Putting in the Time for Mastery

Time for Mastery

Here’s an empowering truth – consistent practice over time inevitably leads to mastery. While passion is crucial, you also must invest the hours. Great works don’t happen overnight.

Pyotr Ilyich Tchaikovsky said it well: “Do not believe those who try to persuade you that composition is only a cold exercise of the intellect. The only music capable of moving and touching us is that which flows from the depths of a composer’s soul when he is stirred by inspiration.”

Inspiration provides the initial spark, but mastery emerges through dedicated practice.

Malcolm Gladwell’s popular “10,000 hour rule” emphasizes the role of time investment, based on research that mastery in a skill takes about 10,000 hours of practice. While the exact number varies by skill and person, the underlying truth remains – persistent practice is key. Many successful creators schedule consistent time for their craft, like author Haruki Murakami’s six hour per day routine.

Carve out the time and stay patient. Your skills will grow exponentially.

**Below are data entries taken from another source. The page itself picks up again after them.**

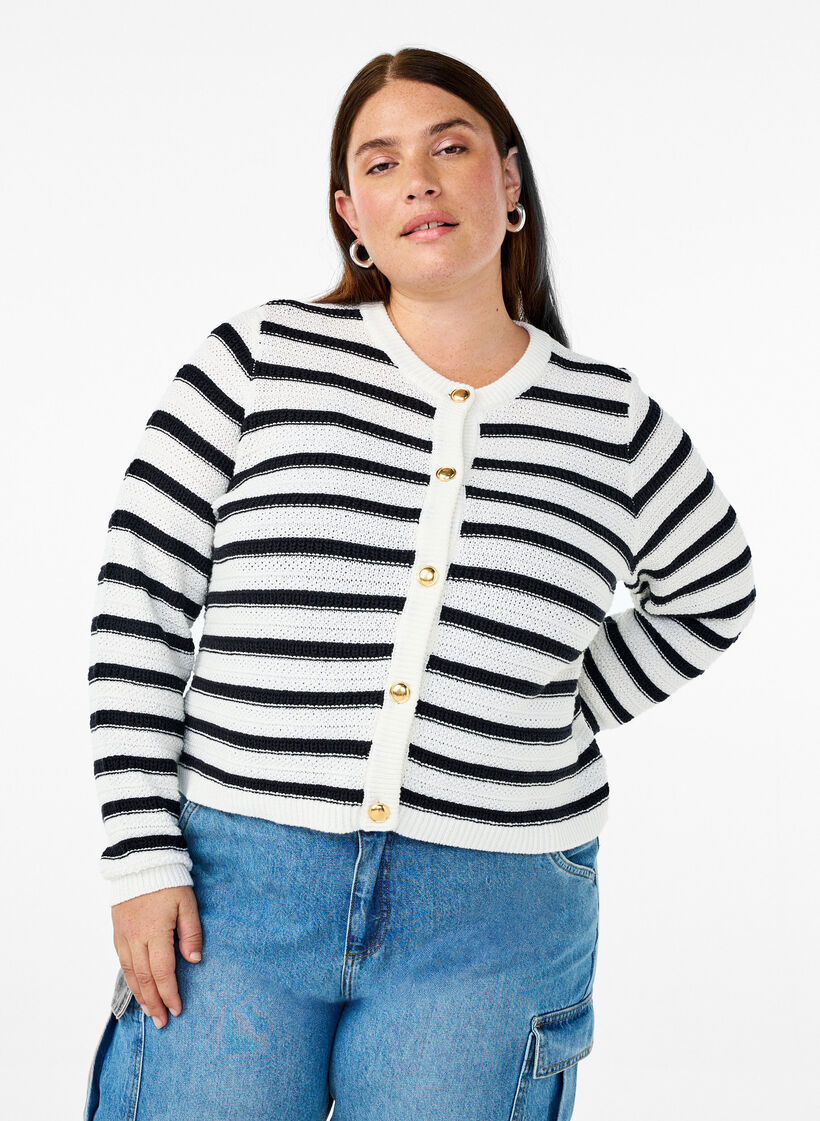 Gestreepte cardigan met gouden knopen in breisel, Cloud D. w. Black, Model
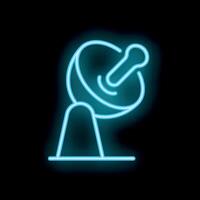 Neon satellite dish transmitting data signal icon vector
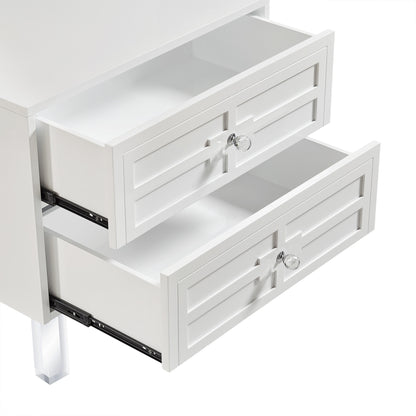24" White and Clear Wood and Acrylic End Table With Two Drawers-2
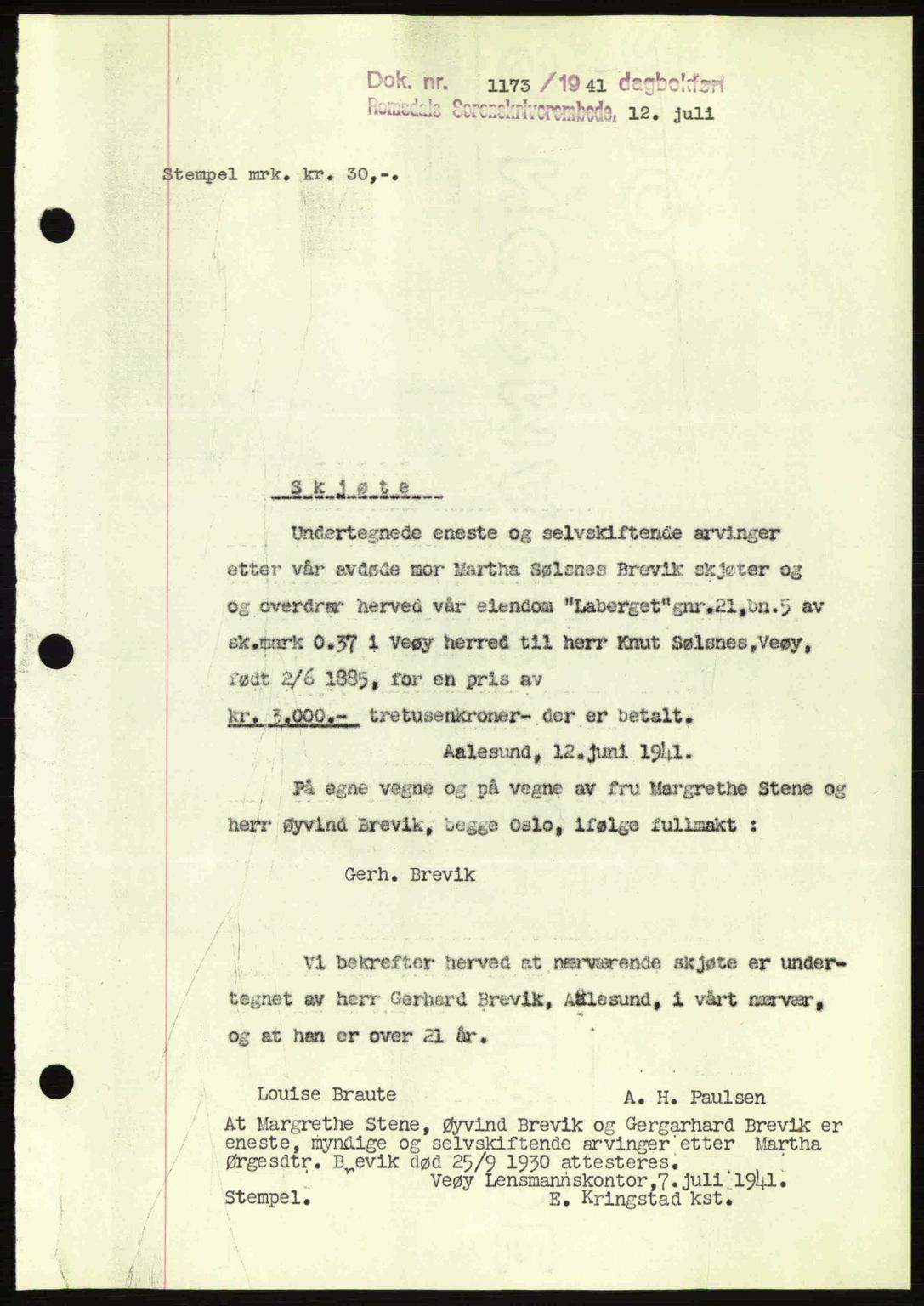 Romsdal sorenskriveri, AV/SAT-A-4149/1/2/2C: Mortgage book no. A10, 1941-1941, Diary no: : 1173/1941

Perhaps most encouraging, creativity begets more creativity. The more you create, the more ideas seem to flow. Regularly exercising your creative “muscles” keeps them strong and nimble. Inspiration strikes more often. Excuses like “I don’t have any good ideas” stop popping up. Momentum builds and everything becomes more effortless.

So silence your inner critic, seize inspiration when it strikes, refine your execution process – then commit to regular practice. That’s how the masters turn creative sparks into soaring bonfires of innovation. Now it’s your turn. Your opus is waiting!